• Available data:
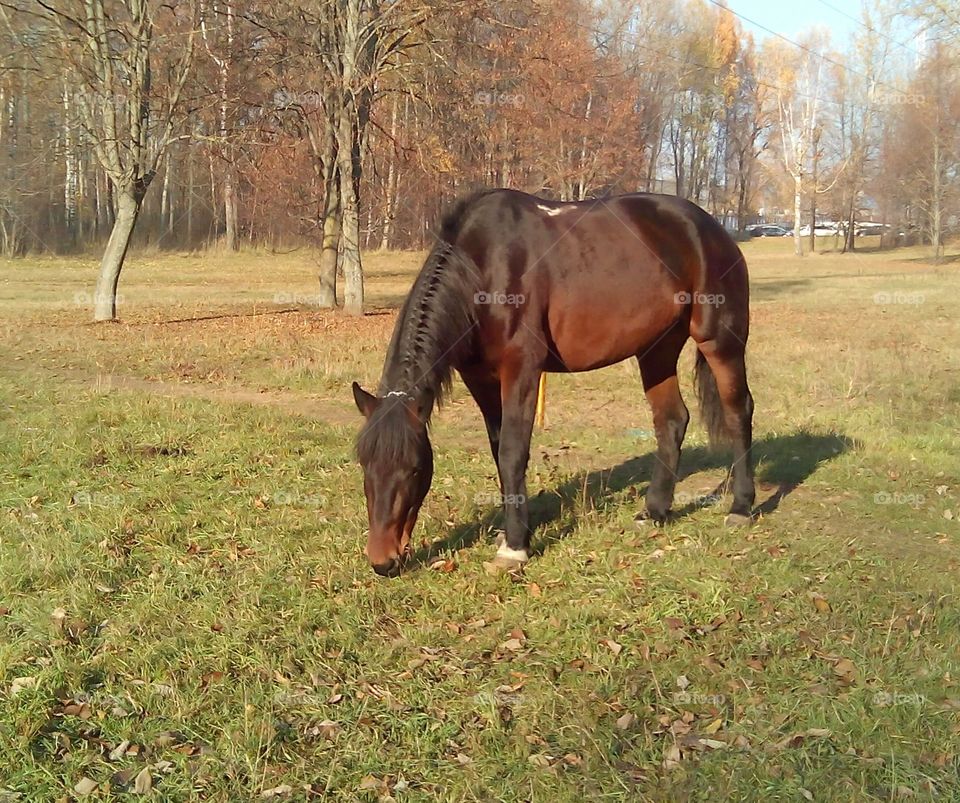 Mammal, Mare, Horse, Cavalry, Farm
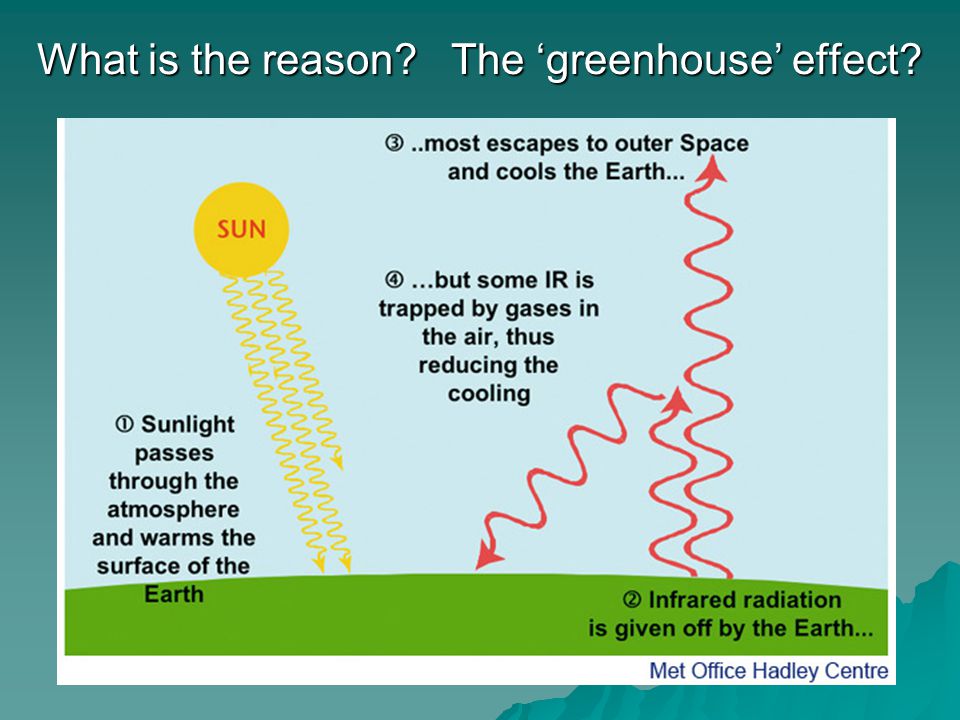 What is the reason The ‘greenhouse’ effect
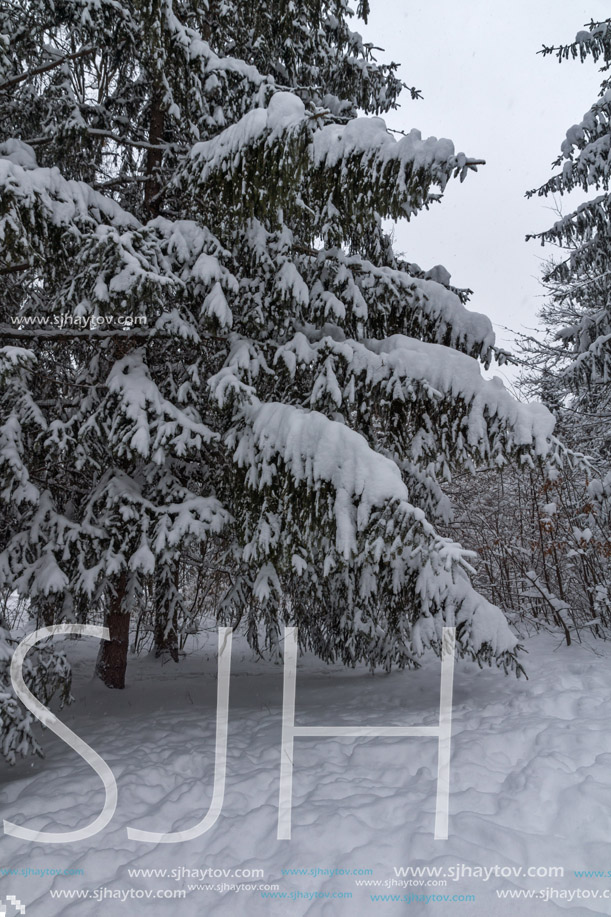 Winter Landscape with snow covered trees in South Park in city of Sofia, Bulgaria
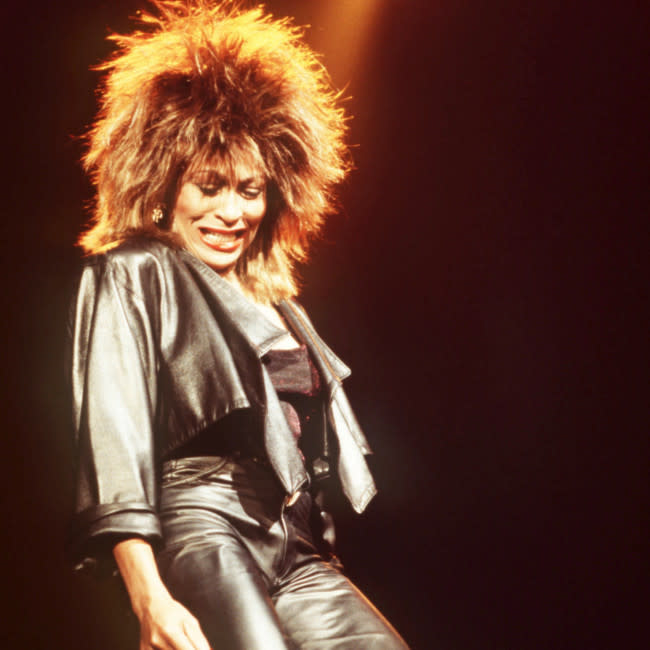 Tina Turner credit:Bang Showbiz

• What the task requires: Where the data contains images, drop them and print the rest exactly.

• Solution to the problem:
 Mammal, Mare, Horse, Cavalry, Farm
 What is the reason The ‘greenhouse’ effect
 Winter Landscape with snow covered trees in South Park in city of Sofia, Bulgaria
 Tina Turner credit:Bang Showbiz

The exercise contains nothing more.